Dubai and UAE real estate face headwinds. The episode’s discussion highlighted that the UAE’s appeal as a stable, cosmopolitan hub has been damaged. Reports of job losses, residents leaving, and the practical reality of living in glass high-rises during missile attacks all undermine the growth thesis for Gulf real estate. Daoud noted that Kuwait’s 1990 invasion led to decades of underinvestment in domestic infrastructure — a cautionary parallel for the current situation.
Natural gas turbines and infrastructure equipment are an increasingly scarce resource. Damaged Gulf energy facilities will need natural gas turbines for rebuilding, competing with already-intense AI data center demand for the same equipment. This adds to inflationary pressures in industrial supply chains.
Stocks and investments specifically mentioned:
- US Treasuries — at risk of yield increases from reduced petrodollar recycling
- US defense stocks — positioned to benefit from Gulf rearmament (US dominates Gulf defense trade)

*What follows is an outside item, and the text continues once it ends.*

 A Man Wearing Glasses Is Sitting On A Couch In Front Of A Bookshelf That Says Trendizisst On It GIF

- Gulf real estate — under pressure from security concerns and potential capital flight
- Energy/oil — volatile with a structural risk premium from Strait of Hormuz vulnerability
Key risk to monitor: The duration of the conflict is the single biggest variable. A quick resolution preserves much of the status quo; a prolonged war through mid-2026 would dramatically amplify all the negative capital flow, energy disruption, and real estate effects discussed above.
Chapter Summaries
Introduction and context setting — Tracy Alloway and Joe Weisenthal frame the discussion around how the Gulf region, built on three pillars (energy, capital, and living standards/trade), is being reshaped by the US-Iran conflict regardless of ceasefire outcomes.

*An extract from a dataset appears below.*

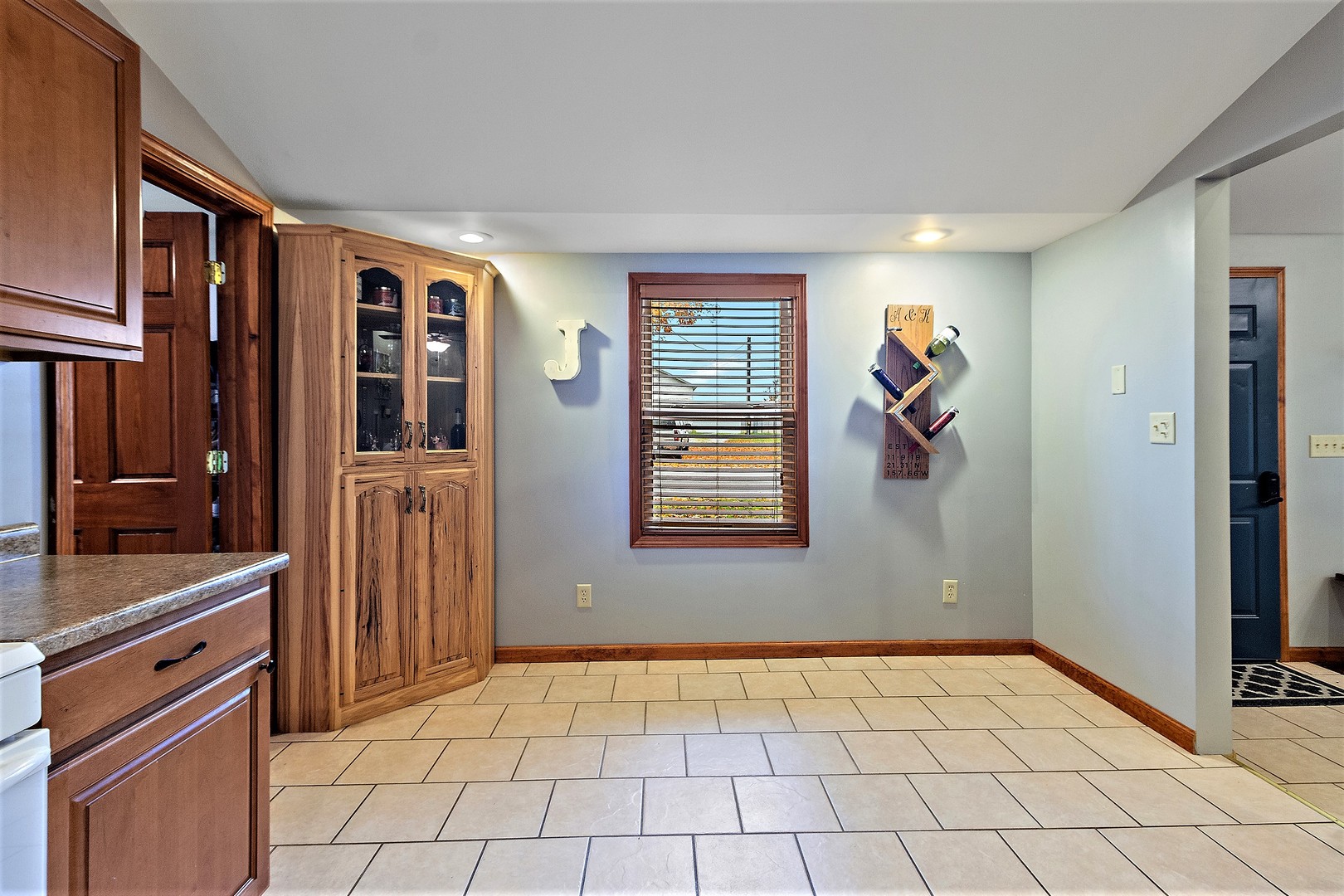 3100 Sportsman Club Road Bourbonnais, IL 60914 - Photo 9 of 15 a view of a kitchen with a sink and an empty room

War expectations and timeline — Ziad Daoud explains that Bloomberg Economics had anticipated a second round of conflict since the “12-day war” in June 2025. From January 2026 onward, his team expected a weekend escalation, which materialized on February 28th. Iran’s retaliation against UAE was the more unexpected development.

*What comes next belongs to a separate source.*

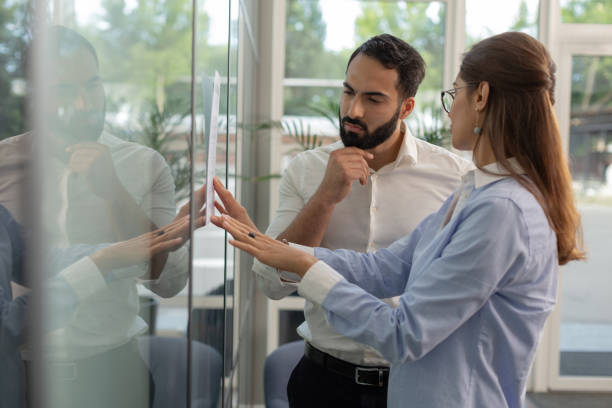 istock Serious brunette man touching his beard during conversation 1166663173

Gulf leaders’ strategic miscalculation — Gulf states invested heavily in the Trump relationship (hosting his first foreign trip, increasing OPEC+ output against their own interests, pledging trillions in US deals) hoping to avoid a regional war. Despite this, Trump chose Israel’s priorities over the Gulf’s when forced to decide.
US security umbrella reassessment — US military equipment proved its worth in intercepting most incoming drones and missiles, and defense trade will continue. However, the political dimension of the security relationship has repeatedly disappointed the Gulf (2017 Qatar blockade, 2019 Aramco attacks, current conflict).
Iran’s strategic position strengthened — Iran achieved its goals (regime survival and deterrence) through clear, achievable objectives, while Israel’s regime-change goal was likely unachievable and the US lacked a coherent war strategy. Iran demonstrated that pressuring the Gulf and global economy through Strait of Hormuz control is an effective asymmetric strategy.
Capital flow implications — Petrodollar outflows to global markets will decrease due to lower oil income, higher defense spending, and domestic rebuilding needs. This affects everything from English football clubs to US Treasury yields.
Dubai’s future and architectural rethinking — The practical experience of sheltering in high-rise glass buildings during attacks may fundamentally change Gulf architecture and urban planning. The Kuwait parallel (tracing 2026 electricity shortages to fiscal priorities set after the 1990 invasion) illustrates how war reshapes economies in unexpected ways for decades.